WORK TASK | Set the whole listing down again, word for word, with no pictures.

COLLECTED MATERIAL |

──────────

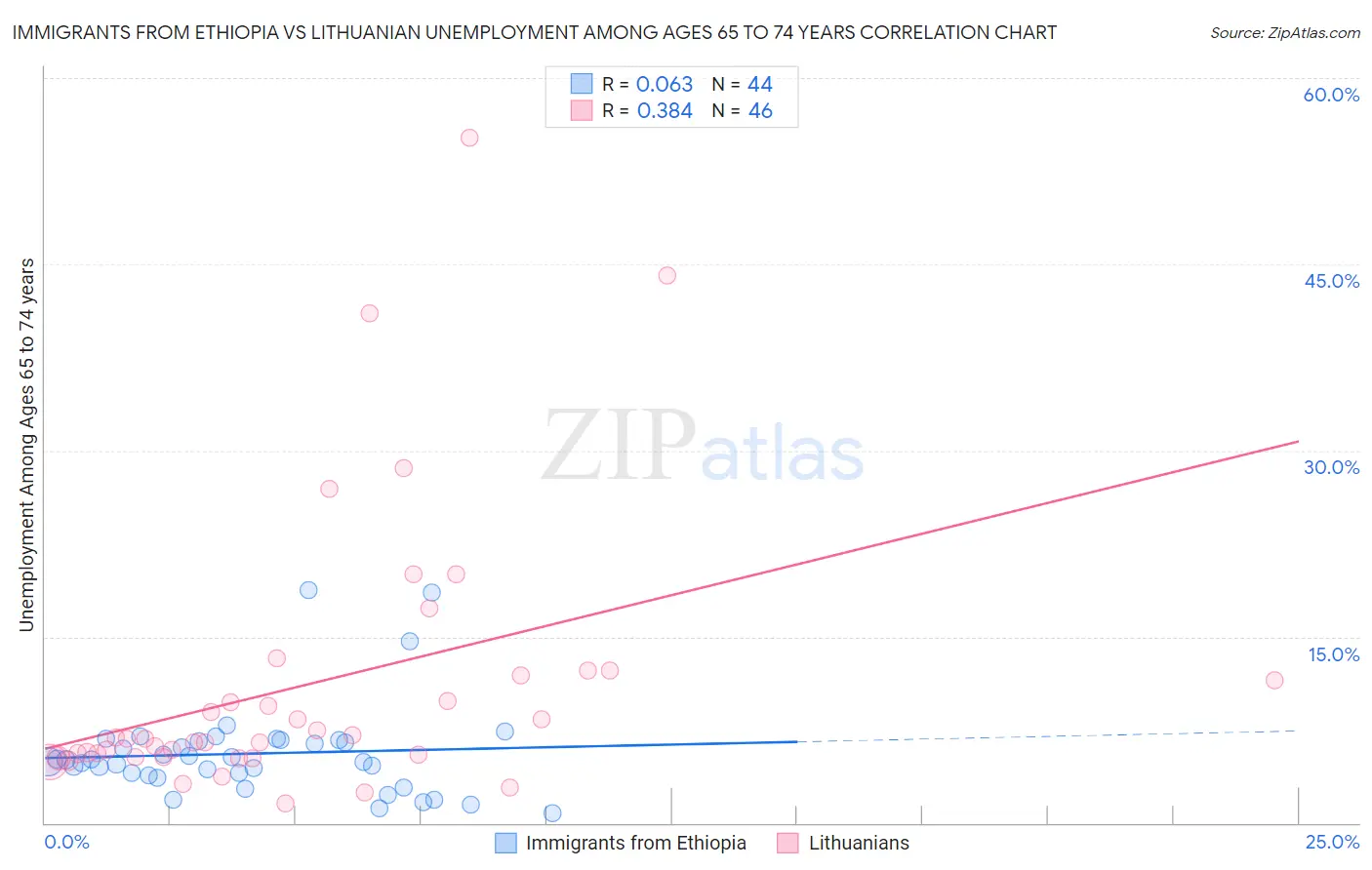 Immigrants from Ethiopia vs Lithuanian Unemployment Among Ages 65 to 74 years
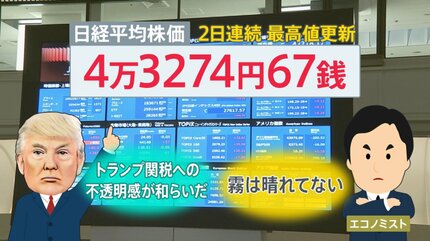 【絶版】頭で儲ける時代・ビジネスを成功させる裏技・2004年11月号 絶版】頭で儲ける時代・ビジネスを成功させる裏技・2004年11月号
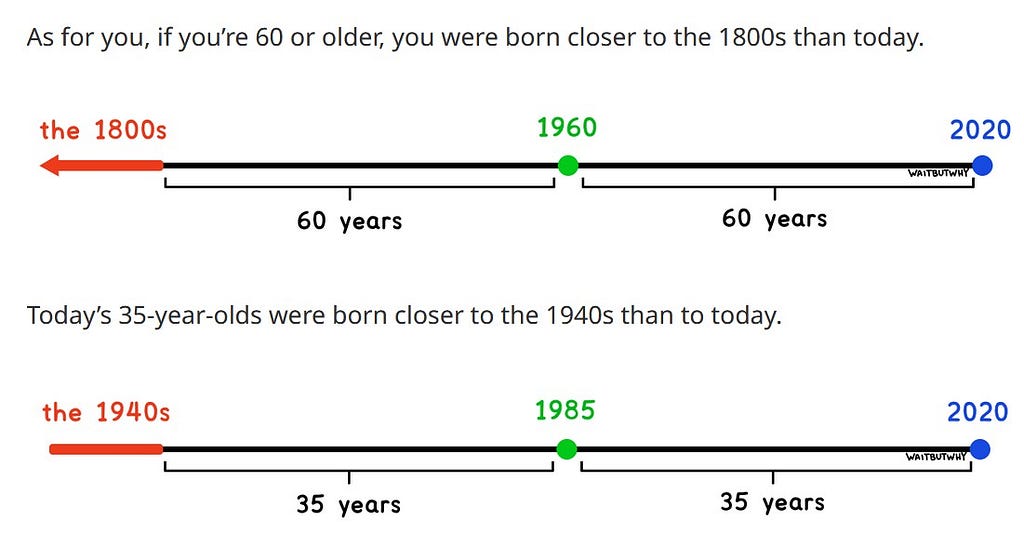 Timelines showing separation between the years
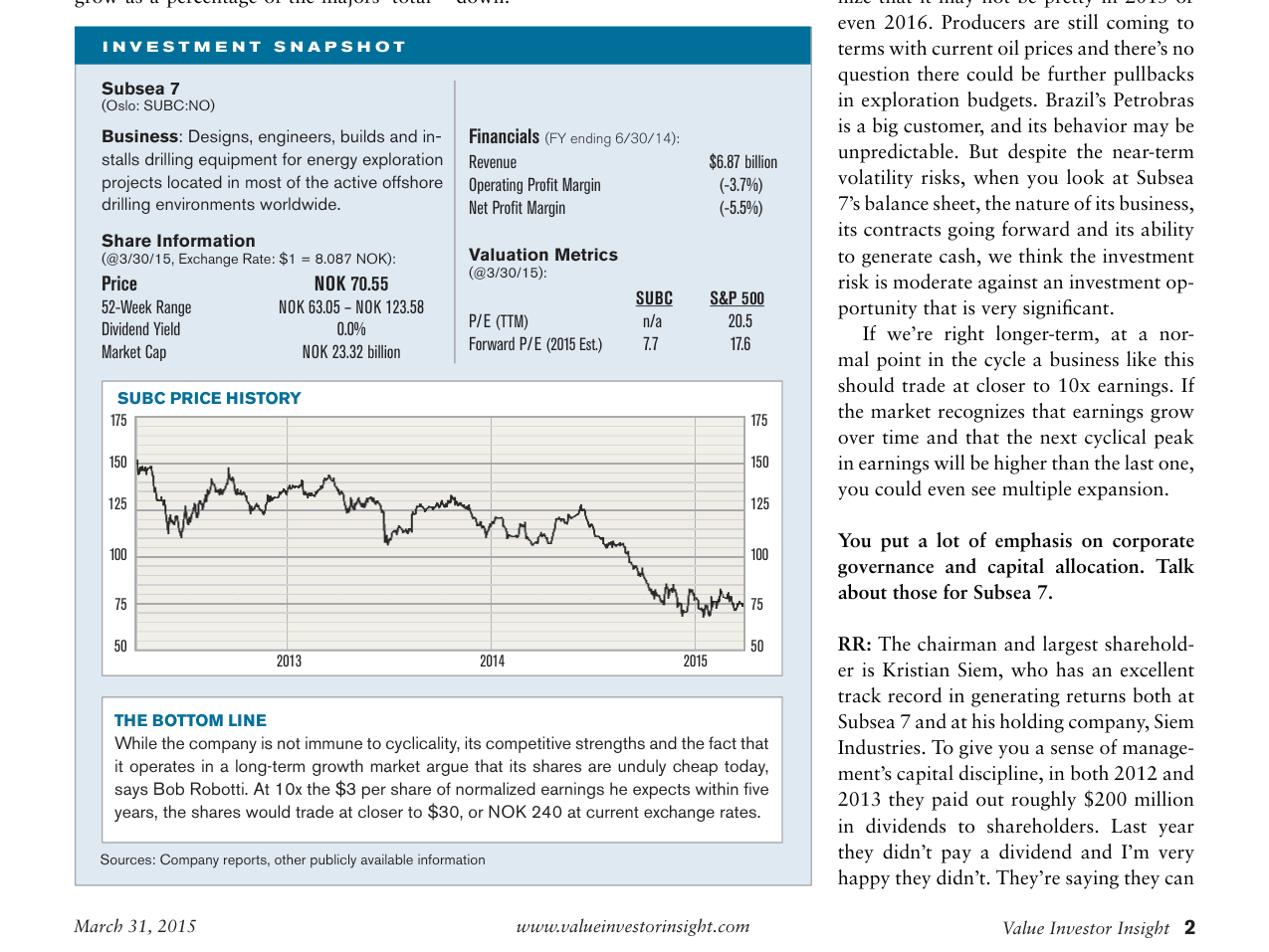 SUBC PRICE HISTORY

──────────

EXERCISE RESPONSE |
 Immigrants from Ethiopia vs Lithuanian Unemployment Among Ages 65 to 74 years
 【絶版】頭で儲ける時代・ビジネスを成功させる裏技・2004年11月号 絶版】頭で儲ける時代・ビジネスを成功させる裏技・2004年11月号
 Timelines showing separation between the years
 SUBC PRICE HISTORY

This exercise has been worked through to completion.